The senior takes several courses online because the pandemic has required Cal State Fullerton to offer the majority of its classes virtually this semester. The exceptions are some labs and other offerings that depend on access to machinery or technology only available on campus.
Garawi is on campus a couple of times a week working on research projects with a handful of other chemistry majors. Each is trying to stay healthy amid COVID-19, graduate and move on to either earning an advanced degree or working in the science industry.
“It is a bit odd,” remarked Garawi, dressed in a white lab coat, face-covering and protective goggles. “I did not expect to finish my undergraduate program in this way, but we all have to adjust.”
Navigating Safety in the Lab
Her lab partners Jose Gonzalez Jimenez and Ryan Russell have their own take on the mostly virtual semester.
Gonzalez Jimenez, who hopes to earn a doctorate and conduct magnetism research one day, said being on a nearly empty campus is not new to him.
“I usually came here on weekends to study, and it’s much like this,” he explained.
Russell, who wants to jump into a research job after he graduates in May, likes that there is plenty of parking, but he struggles with the face mask and goggles.
“The mask funnels my breath into the goggles and I can’t see too well,” he said while helping his lab partner. “But other than that, the campus experience is the same for me. I go from one (online or virtual) class to the other.”
Michael Groves, assistant professor of chemistry and biochemistry, is the instructor for the physical chemistry lab. The lab accommodates a limited number of students who are required to practice social distancing, wear personal protective equipment and follow university safety and health protocols.
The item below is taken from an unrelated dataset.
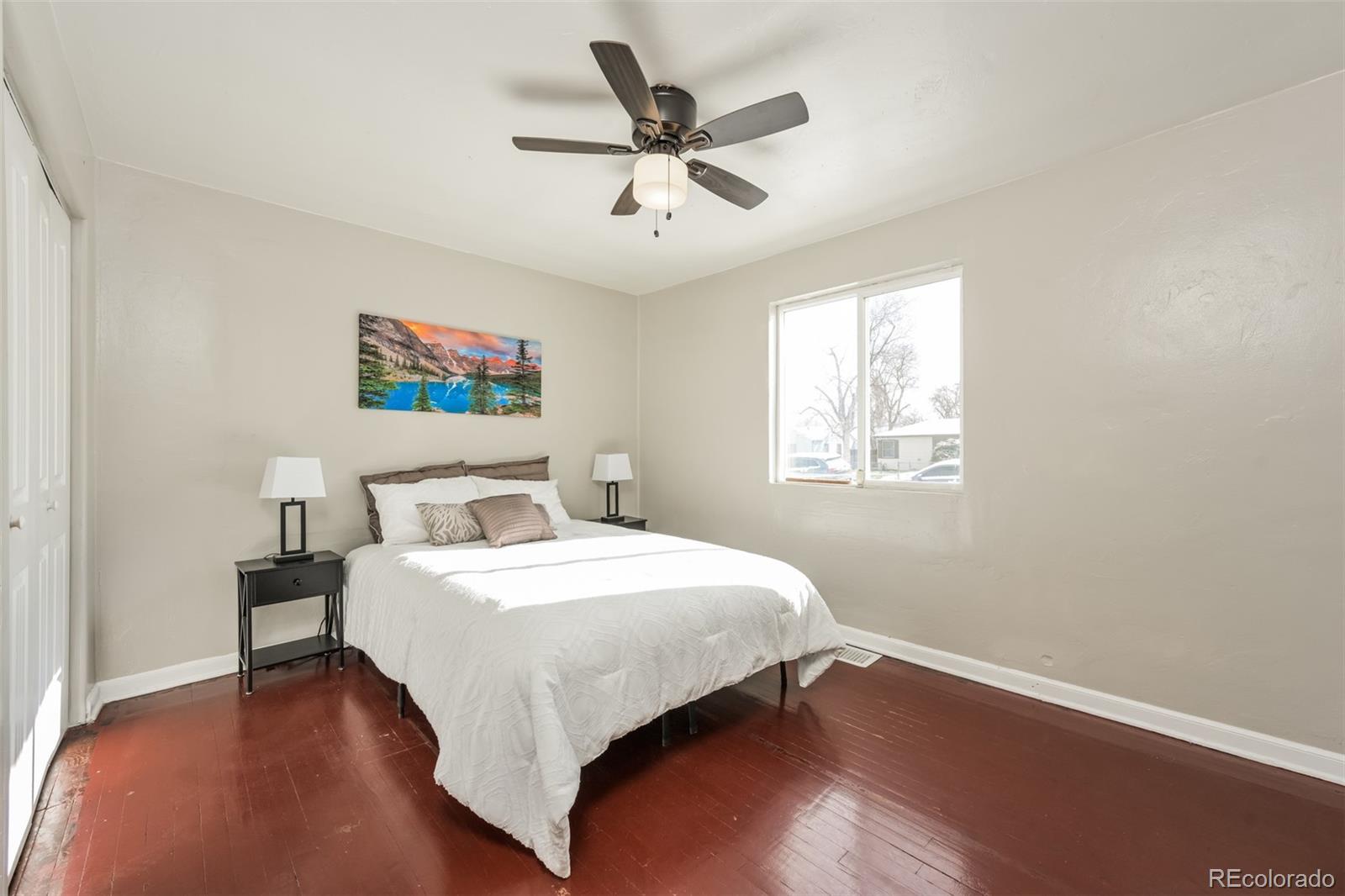 MLS Image #7 for 1125  newark street,aurora, Colorado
He was one of the many faculty members last spring who had to pivot and deliver lessons online as the coronavirus started spreading throughout the country.
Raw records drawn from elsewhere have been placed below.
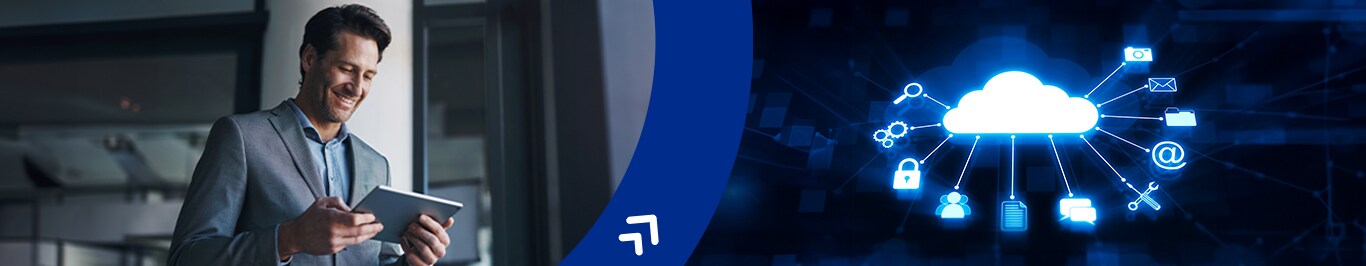 todo lo que necesitas saber sobre que es la copia de seguridad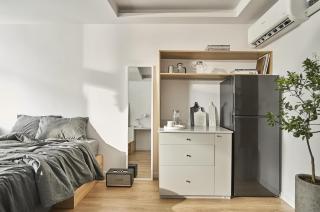 Express by M Village Đông Du - 6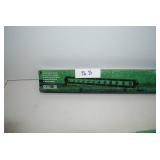 13' LED Driving Light Bar
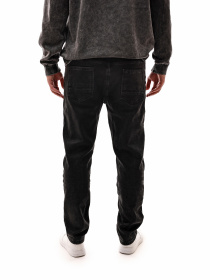 Прямые джинсы STREAM модель 694976 Фото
“The biggest thing I noticed was that losing the in-person component made it a lot more difficult to relate to people,” Groves shared. “Sitting on Zoom all day — that’s a challenge.”
This fall, he said he is interacting with students in the lab, guiding them on their projects and is more hands-on in this virtual world. He also multitasks — helping students online work through problems, answering questions and mentoring.
“This semester I’m trying to let the students talk more,” he said. “I’m trying to get the students to engage with each other, and we’re building a community that way.”
He said he surveyed his students and asked them what they are most worried about this fall.
“A lot of them are concerned about working from home and not being able to focus,” he noted. “Just keeping up — that’s something that a lot of students are really stressed about.”
Before the campus went virtual, Groves and his students would work on a problem together in class. To build more engagement and community, he now gives each group a different question, and students work together to solve it and post the answer before the start of the next class.
“Little changes like that — I’m finding it’s working fairly well,” Groves said.
For the Love of Science
Garawi, Gonzalez Jimenez and Russell all say that while the teaching methods have changed a bit, the reasons they want to be scientists and researchers remain the same.
“I’ve always had an affinity for chemistry and hands-on sciences where we’re looking into problems and trying to find solutions to them right now,” Russell explained.
Gonzalez Jimenez says his love of science comes from his mom, who made him memorize multiplication tables when he got in trouble. “I love discovering new things,” he smiled.
For Gawai, the answer is simple: “Science is fun.”